Mówimy tylko o głównym procesie, podczas gdy w Norymberdze takich procesów odbyło się znacznie więcej. Jak zachowywali się główni oskarżeni przed sądem?

Żaden nie przyznał się do stawianych mu zarzutów. Wojskowi twierdzili, że tylko wykonywali rozkazy i bronili honoru niemieckiego munduru. Obrońcy dowodzili, że nawet jeśli Gestapo czy SS popełniały zbrodnie, to Wehrmacht prowadził wojnę po rycersku, chciano w ten sposób uratować dobre imię niemieckiego wojska. To się zresztą w Norymberdze w dużym stopniu udało, bo sam Wehrmacht nie został uznany za organizację zbrodniczą, choć początkowo prokuratorzy się tego domagali. Dlatego też Alfred Jodl i Wilhelm Keitel po ogłoszeniu wyroku prosili o zamianę kary z hańbiącego stryczka na rozstrzelanie, spotkali się jednak z odmową. Co istotne, żaden z nazistów nie ma swojego grobu. Ich prochy rozsypano, zwycięzcy chcieli uniknąć powstania miejsca kultu.
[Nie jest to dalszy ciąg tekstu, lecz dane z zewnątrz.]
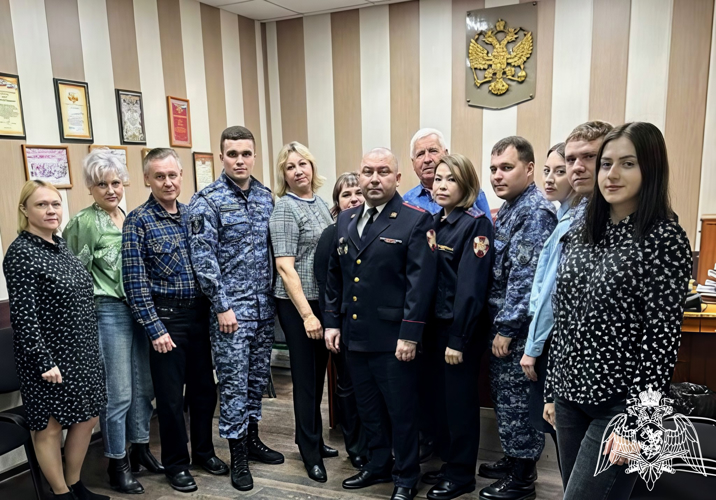 И.о. главы администрации Дзержинского района поздравила сотрудников вневедомственной охраны с Днём войск национальной гвардии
Wśród drugiej grupy, cywilów, wielu podkreślało, że nie miało pojęcia o całości działań III Rzeszy. Część nie poczuwała się do jakiejkolwiek odpowiedzialności. Przykładem może być Julius Streicher – czołowy antysemita III Rzeszy, wydawca Stürmera. Jego obrońcy dowodzili, że nikogo nigdy nie zabił, nie wypowiedział nikomu wojny, nie był wojskowym.

Na ławie oskarżonych zasiedli zarówno Joachim von Ribbentrop, bezsprzecznie odpowiedzialny za wywołanie wojny jak i Franz von Papen, któremu można było co najwyżej zarzucać, że pomógł Hitlerowi dojść do władzy, bo później został odsunięty na boczny tor.

W latach 1939-1945 był ambasadorem w Turcji.

Tak, gdyż Hitler postrzegał go jako konkurenta, którego należy zmarginalizować.

A na ile z punktu widzenia prawnego naziści zostali osądzeni w sposób uczciwy? Nie pytam o ich rzeczywistą winę, ale o wymiar czysto legalistyczny.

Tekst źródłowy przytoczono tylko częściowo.